Work request:
Would you print the lines below exactly, beginning at the line that has "25P Lady in Red 11" and stopping after the line that has "Brouwerij De Toekomst, Cuban Bachata"? Only those lines, and no pictures.

Image-text web data

****

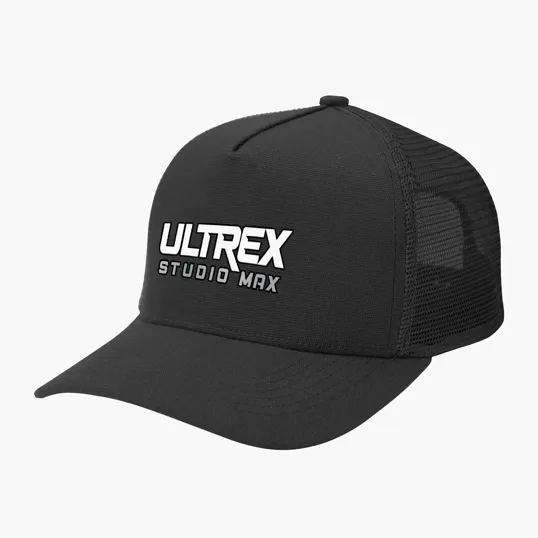 AWARE™ Recycled Cotton Mesh Back Cap — view 6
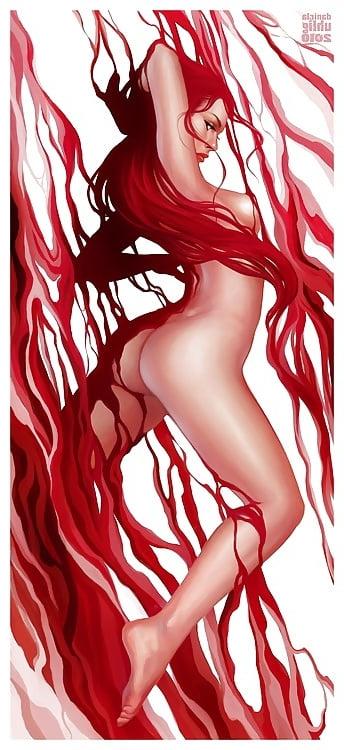 25P Lady in Red 11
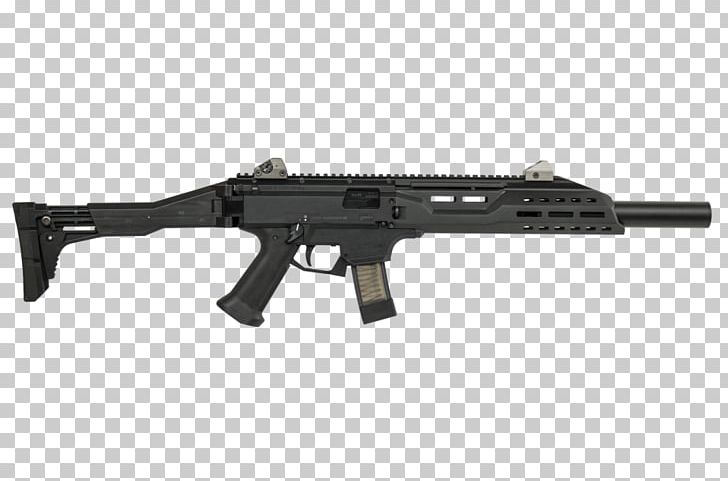 CZ Scorpion Evo 3 Carbine 9×19mm Parabellum Česká Zbrojovka Uherský Brod Firearm PNG, Clipart, Air Gun, Airsoft, Airsoft Gun, Angle, Assault Rifle Free PNG Download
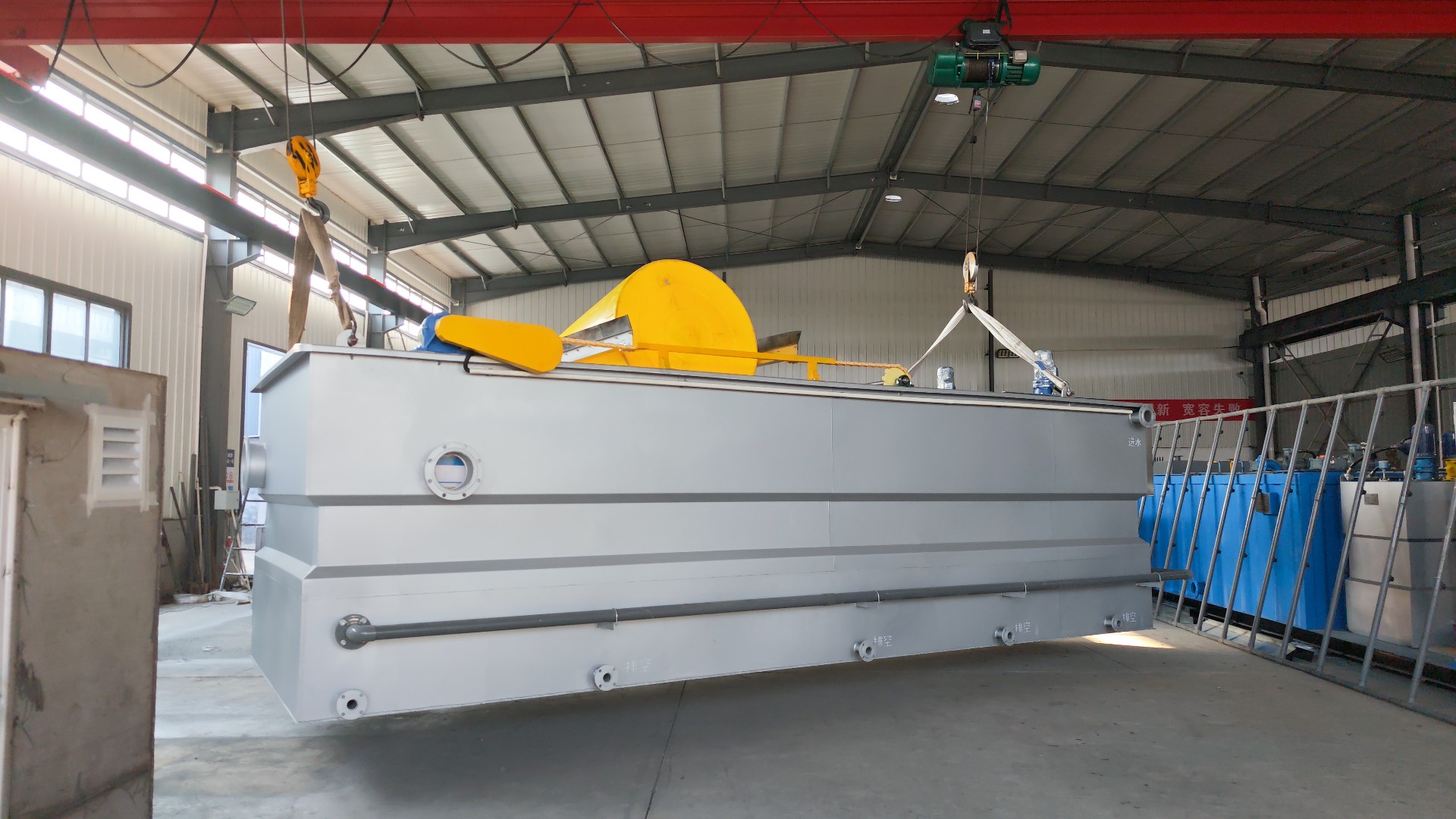 地埋一體化污水處理設(shè)備,生活污水處理設(shè)備,農(nóng)村污水處理設(shè)備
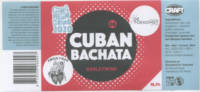 Brouwerij De Toekomst, Cuban Bachata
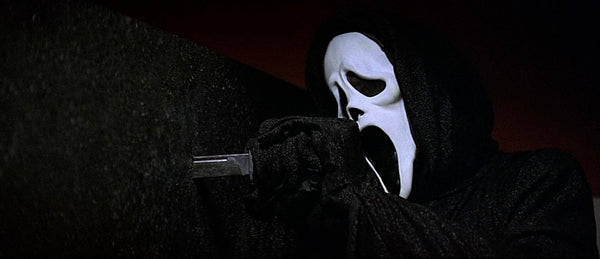 Chris Durand signed Scream 2 Ghost Face Image #2 (8x10) Pre-Order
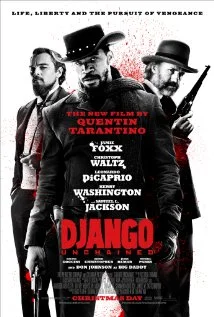 Django Unchained (2012) film poster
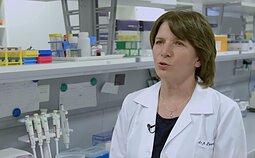 Imunologė Aurelija Žvirblienė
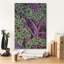 «Epic Graffiti» «Cabbage Stalks» par Andrea Strongwater, art mural sur toile-106418413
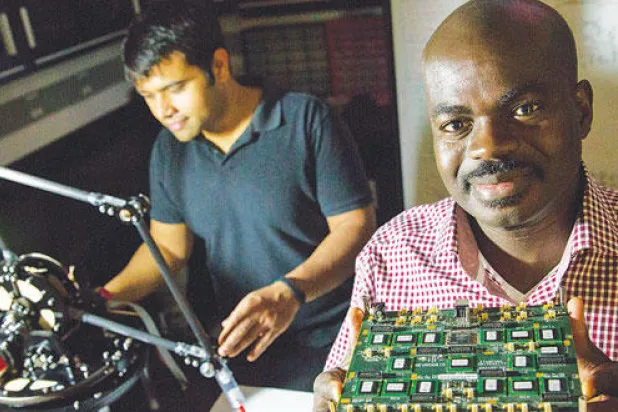 نظم كومبيوترية جديدة تقلد عمل الدماغ البشري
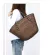 45x30 CM Large-Capacity Straw Bag with Solf Handle / Women Handbag Not Included The Pendant A2857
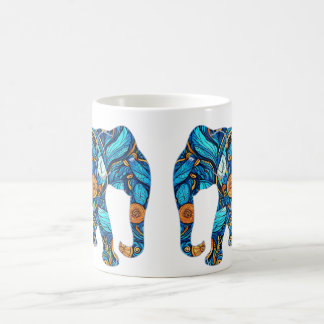 Elephant Coffee Mug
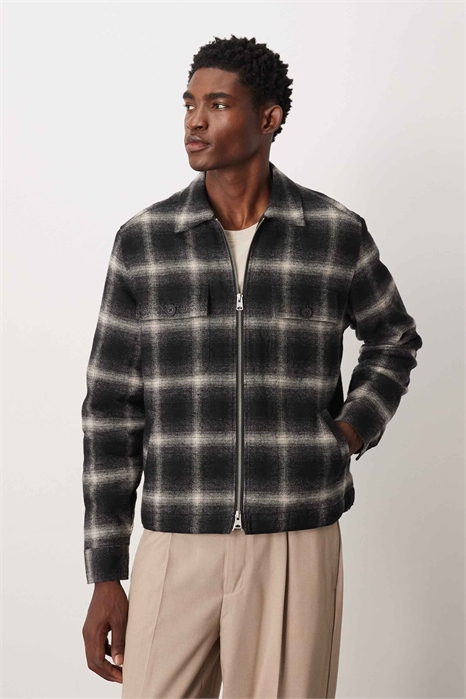 Куртка Sherpa на молнии артикул 150230682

****

Expected answer:
 25P Lady in Red 11
 CZ Scorpion Evo 3 Carbine 9×19mm Parabellum Česká Zbrojovka Uherský Brod Firearm PNG, Clipart, Air Gun, Airsoft, Airsoft Gun, Angle, Assault Rifle Free PNG Download
 地埋一體化污水處理設(shè)備,生活污水處理設(shè)備,農(nóng)村污水處理設(shè)備
 Brouwerij De Toekomst, Cuban Bachata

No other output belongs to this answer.